Name            State   Priorty Stack   Num
*******************************************
console         R       1       611     3
IDLE            R       0       115     4
LED_blink       B       2       999     2
USB_CDC_stdout  B       3       84      1
*******************************************
 フォントの関係で綺麗に表示されないと思うが、ターミナルソフト等なら問題ないはず。
 この一覧からわかるのは、USB_CDC_stdout, LED_blink, console, IDLEという4個のタスクがあり、USB_CDCとLED_blinkはブロック状態、それ以外はランニング状態である。ということ。
 ランニングというのはタスクが実行状態であることを示す。ブロックはキューやセマフォ、ウエイトを待っている状態であることを示す。
 USB_CDCはキューを使っているし、LED_blinkはosDelayを使っている。これを待っているため、ブロックになっている。
 consoleは実行中だが、これはtasklistコマンドを処理している最中。
 IDLEは特別なタスクで、常にランニング状態であり、ブロック状態になることは許可されていない。これは、OSのスケジューリングの条件分岐を省略してパフォーマンスの改善を図る目的によるものだが、詳しく説明するのは面倒なので省略。とにかく「IDLEというタスクがあり、止めることはできない」ということだけ知っていれば十分。

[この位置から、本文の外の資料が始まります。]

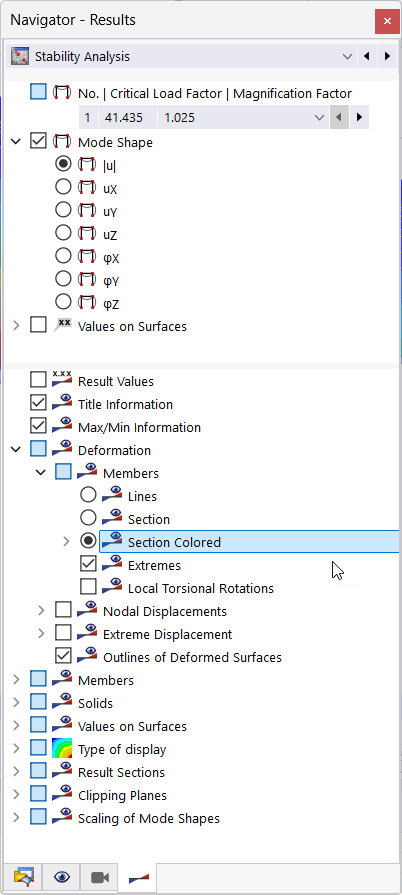 The system displays a structured overview of calculation results in the Results navigator.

 プライオリティという項目(文字数の関係でスペルは不正)はいろいろな数字が有るが、この数字が大きいほど優先度が高いタスク。
 RTOSは優先度が高いタスクが常に実行されるので、高優先のタスクがランニングの時はそれより優先度が低いタスクは実行されない。上記の状態だと、USB_CDCとLED_blinkがブロック状態なので、それより優先度が低いconsoleを処理できる。IDLEもランニングだが、consoleがブロックになるまで、IDLEは実行されない。

 Stackの項目は、残りのスタック数が表示される。残スタックがゼロを下回ると、いわゆるスタックオーバーフローという状態になる(残数がゼロ未満=使える領域を超えている=オーバーフロー)。
 基本的にこの数値が極端に低くならないようにNew TaskやEdit TaskのStack Sizeを調整することになる。ただし、printfのような多機能な関数呼び出しを行うといきなり大量のスタックを消費するし、小規模な処理しか行わないならスタックの使用量も少なく済む。
 LED_blinkとconsoleはStack Sizeを1024にしているが、LED_blinkはosDelayやGPIO操作しか行っていないから、スタック使用量は少ない(=残数が多い)。一方で、consoleはprintf等を使っているから、スタック使用量が多い(=残数が少ない)。
 USB_CDC_stdoutは残数が極端に少ないが、Stack Sizeは128だから、実際には3割程度しか使われていない。ということで、十分とは言えないまでも、まだ余裕がある状態。
 IDLEもStack Size 128で作成されているはずだが、13しか使われていない。これは無限ループといった軽量な計算しか行っていないため。


 ちなみに、この処理(osThreadList)はちょっとした副作用があるので、極力使用しないことが好ましい。あくまで「よしよし、ちゃんと動いてるな」と悦に入るための機能。
 また、バッファサイズの10*45というのは、タスク1個あたり余裕を見て45バイト、それが10個分、という設定。タスクを20個作るなら25*45くらいにする。


******

 ということで、stdoutが遅いのと、stdinでゴミが残る問題を解決し、悦に入るためのコマンドも実装したし、使い道の少ないCCMをFreeRTOSに活用できるようにもした。
 これによりメインメモリ128kBのほとんどをマイコンの処理に使えるようになり、かつFreeRTOSが使えるスタック領域も数十kB確保したので、タスクやキューも相当な数を使えるようになった。

 あとはコレで何を作るか、という問題だが、何を作るかなぁ。。。